◆ **Prompt**: So that the copy matches the original, retype each line of the material below exactly.

◆ **Dataset section**:
● ● ● ●

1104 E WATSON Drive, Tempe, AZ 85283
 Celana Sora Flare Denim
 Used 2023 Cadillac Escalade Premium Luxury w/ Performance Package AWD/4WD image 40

● ● ● ●

◆ **Solution to the problem**:
1104 E WATSON Drive, Tempe, AZ 85283
 Celana Sora Flare Denim
 Used 2023 Cadillac Escalade Premium Luxury w/ Performance Package AWD/4WD image 40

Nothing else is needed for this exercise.